Além de evitar a rejeição das células, a técnica eliminaria a obrigação de o paciente tomar remédios imunossupressores (medicamentos empregados para reduzir a atividade ou a eficiência do sistema imunológico). Com a nova técnica, os cientistas querem “enganar” o organismo encapsulando as ilhotas de forma que elas se tornem invisíveis ao sistema imunológico que, dessa forma não consegue atacá-las.
O método de implantação é, de acordo com os cientistas do Nucel, rápido e nada invasivo – consiste em introduzir, por meio de agulha e um cateter, uma cápsula com as ilhotas na região próxima ao fígado. “A cápsula é feita de um material extraído de algas, com uma estrutura que permite que o oxigênio entre nas células e que a insulina ultrapasse a barreira. O tecido impede ainda que o sistema imunológico destrua as ilhotas”, explicou a bióloga Mari Sogayar, coordenadora do Nucel.

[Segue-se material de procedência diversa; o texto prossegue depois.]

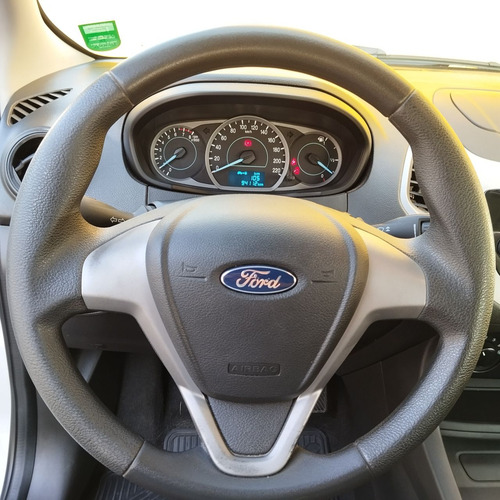 Ford Ka Ka 1.0 SE/SE Plus TiVCT Flex 5p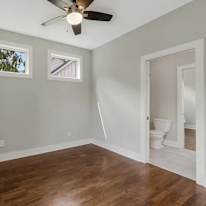 Benji's room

No atual estágio da pesquisa, a técnica foi aplicada apenas em camundongos tornados diabéticos – de acordo com a coordenadora do Nucel, os animais reverteram a doença depois de receberem as cápsulas e permaneceram livres dela por um período de 200 dias – o que, no caso dos camundongos, é mais da metade de suas vidas. Depois desse tempo, as cápsulas foram removidas e o animal tornou-se novamente diabético.
Agora a equipe pretende aplicar a técnica em animais maiores - como porcos ou cães e, sendo ela bem sucedida, pleitear a autorização para realizar testes clínicos, momento em que é avaliada a segurança e a eficácia do processo em seres humanos.
“Para isso vamos precisar de recursos e de apoio de agentes financiadores para que tenhamos material e pessoal capacitado para dar andamento ao projeto”. A expectativa da coordenadora do Nucel é conseguir finalizar o projeto em dois anos.